Kerf is defined as the width of material lost due to a cutting process. In a chop saw, it is defined by the width of the saw blade and teeth. In a laser cutter, is defined by the diameter of the beam. There is always some additional loss due to the TYPE of material and it's thickness.
In addition, on thicker materials, the laser tends to V the cut instead of ||
There are many laser cutting kerf charts on the internet. Just google for “Laser cutter kerf” or better yet, include the brand name. Here is one such chart: ://www.cutlasercut.com/resources/tips-and-advice/what-is-laser-kerf
Materials Thickness Average Kerf
u indicates microns
In order to notice if the image imports out of scale and to fix it when it does, you need a scale marker. Somewhere OFF of your work area, draw a box and set it's dimensions. Within the box, add some text which describes the precise size of the box. For example, a 300 x 100 mm box. If something goes wrong importing, you need only refer to your box, select ALL of your objects (including the box) and scale until the box matches the rulers in CorelDraw (or whatever package the laser uses)

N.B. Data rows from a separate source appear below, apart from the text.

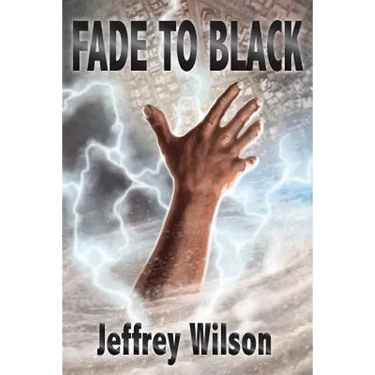 Fade to Black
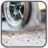 icon Drift Race Parking Game 2018Burnout: Hajola(Offroad Drift Driving Game) 1.4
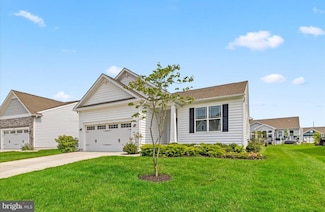25040 Treeview Ln, Lewes, DE 19958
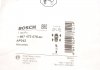 Датчик зношування колодок BOSCH 1 987 473 070 (фото 5)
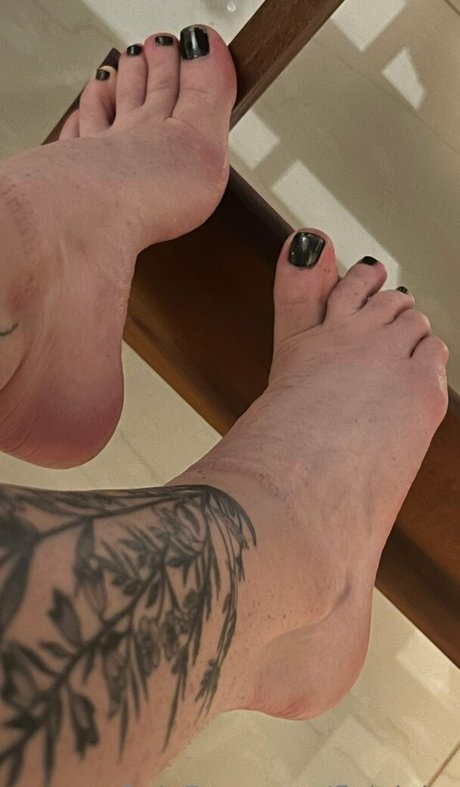 fleivinha star du porno galerie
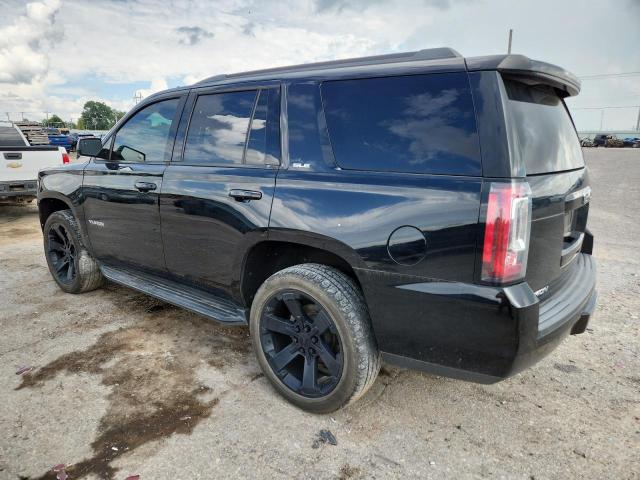 Vin: 1gks1akc1lr113981, lot: 63588605, gmc yukon sle 20202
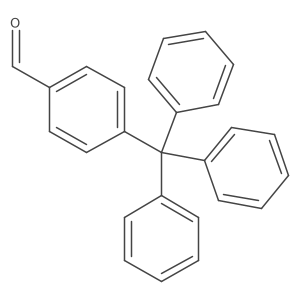 1240243-83-7结构式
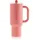 Waterdrop Explorer Thermobecher 1,1 l Soft Pink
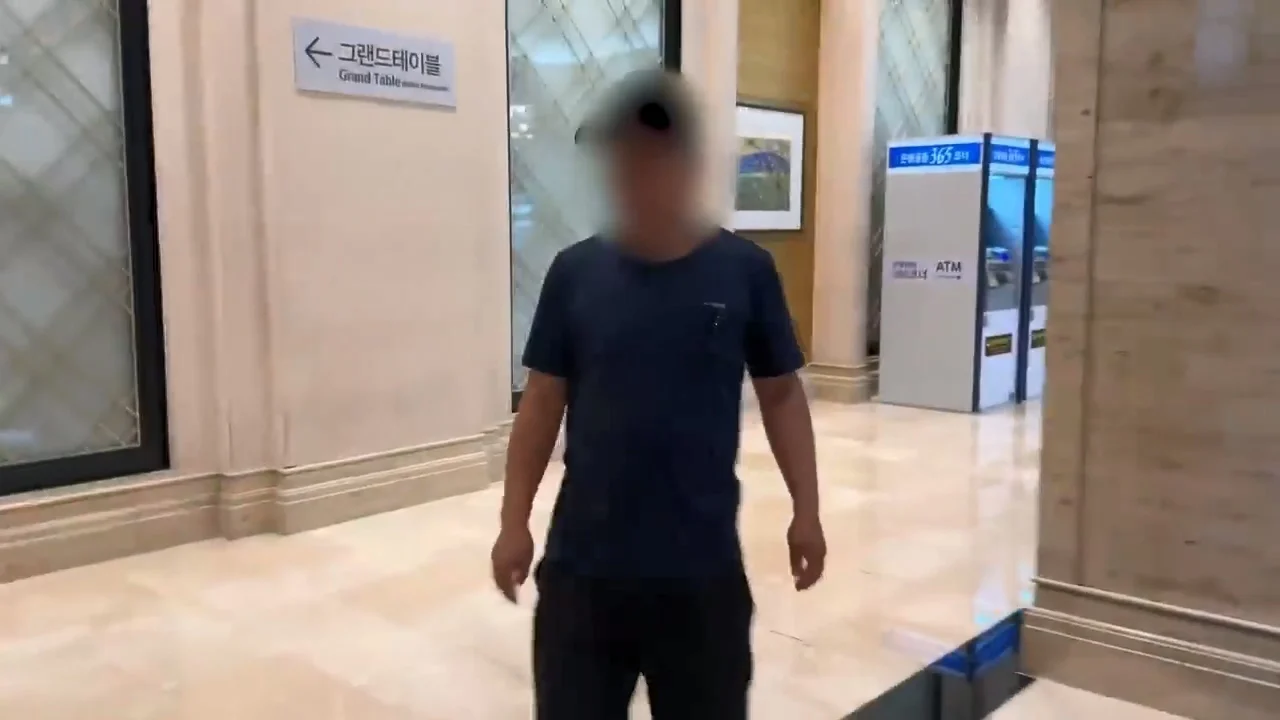 도박으로 뇌가 녹은 사람들의 공통점 (12)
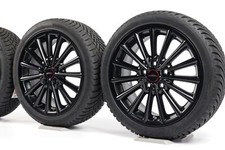 MINI COOPER S One F55 F56 F57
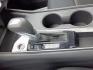 2025 Gray /Black Nissan Altima 2.5 SV (1N4BL4DV4SN) with an 2.5L L4 DOHC 16V engine, CVT transmission, located at 1842 Wirt Road, Houston, TX, 77055, (713) 973-3903, 29.805330, -95.484787 - Photo#21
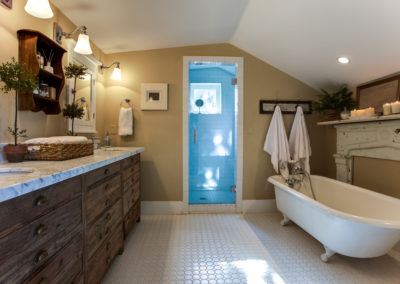 prime-home-construction-bathroom-remodeling-reclaimed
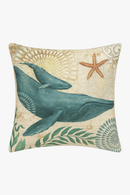 housse-de-coussin-d-corative-tortue-marine-motif-animal-0.png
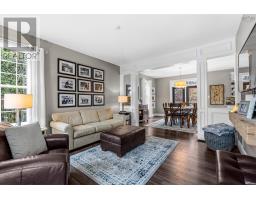74 Bonavista Avenue, Hilden, NS B0N1C0 Photo 29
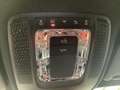 Mercedes-Benz EQA 300 4M AMG/LED/Kamera/Navigation/DC-Laden/ Schwarz - thumbnail 18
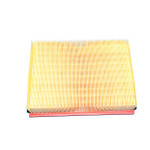 Filtr powietrza BMW E36 E46 E39 320 323 325 328 330 520 523 525 528 530 M50 M52 M54 - 13721730946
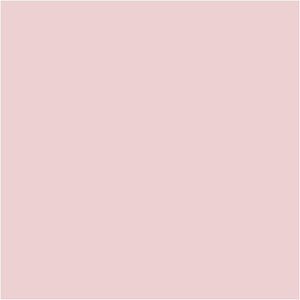 Sweet Blush, Complete Coat Interior/Exterior Paint & Primer in One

The operator needs to know which lines to CUT and which to ETCH. Some laser cutter drivers act like a printer, and have pre-defined color coding. Others let the operator choose just before commencing cutting. Off page, place a few small rectangles. Fill the rectangle with solid, primary colors. Use ONLY RGB values. So, RED - 255,0,0. Green - 0,255,0 etc. Now define with some text which color you will use for cut lines, and which will be etching (if more than one etch, indicate percentages as well). Assure that when drawing your objects, you ONLY use these colors! It is easy to accidentally nudge a color slider. Double check your object properties!
This page by ATX hackerspace in Austin Texas covers some very critical points about importing Inkscape files to CorelDraw. When taking their advice, be sure to convert inches to metric! Of particular importance, you need to scale your data UP to 106.667 percent before you save your SVG file. Why? Inkscape uses 90 pixels per inch, while CorelDraw uses 96 pixels per inch. Another good point to save time on the laser cutter path is to set line width to precisely that of the laser cutter. In their case, 0.001 inches (that's 0.0254 mm for us metric users).